Check here, we recently bought the Aires in Spain Guide...not used it yet but will do this year

http://www.all-the-aires.com/index.htm

Good luck


----------



## gaspode (May 9, 2005)

There are 22 Spanish aires listed in the MHF campsite database:

http://www.motorhomefacts.com/modules.php?name=Campsites&file=map

Select the "Aire de service" dropdown in the "campsite type" menu and zoom to Spain on the map.


----------



## McGeemobile (Jun 10, 2010)

Hi Trevor,
The Spanish aire system is absolutely tiny in comparison with the French ones, but they are nearly all free and we have come across some absolutely superb ones.

Even if you are only there for a few weeks you could save the cost of buying the Aires Guide to Spain and Portugal (again easiest from Vicarious Books).

There's also the Spanish equivalent to France Passion called Espana Discovery, and although again this is only absolutely tiny in comparison with France we have found some gems here e.g. a brilliant wine co-operative in a small village a few miles inland from the coast.

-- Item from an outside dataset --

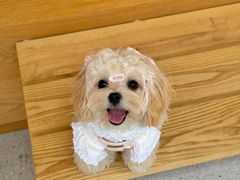 -翊宠yipet猫狗购宠庄园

This year there are a lot more sites included, and hopefully this will continue to improve.

As I said, it only takes 2 or 3 nights spent at one of these to recover your costs, and they are usually well away from the tourist areas.


----------



## tonka (Apr 24, 2006)

http://www.lapaca.org/areas/espana.php

I found this site some time ago... 
Many are probably already in the MHF database.


----------



## moby56 (Sep 16, 2010)

In Spain at moment using all the Aires Spain & Portugal from vicarious books not had any problems and found some wonderful places


----------



## rosalan (Aug 24, 2009)

I used the Vicarious Book for Spain last year. Excellent! Including one north of Cadiz with free electricity. Those in Pensicola on the coast, asked for a minimal payment; whereas some of the campsites are pricing themselves out of reach. We paid more than £40 a night for little more than parking space at some. So as has already been said, one nights parking pays for the book if you use an Aire.
Alan


----------



## christine1310 (Apr 10, 2008)

Hi

If you go to the French website Camping Car Infos. When you go to search using the map, if you scroll down on that page, there are links to aire details in other countries. I always find it very helpful.

Christine


----------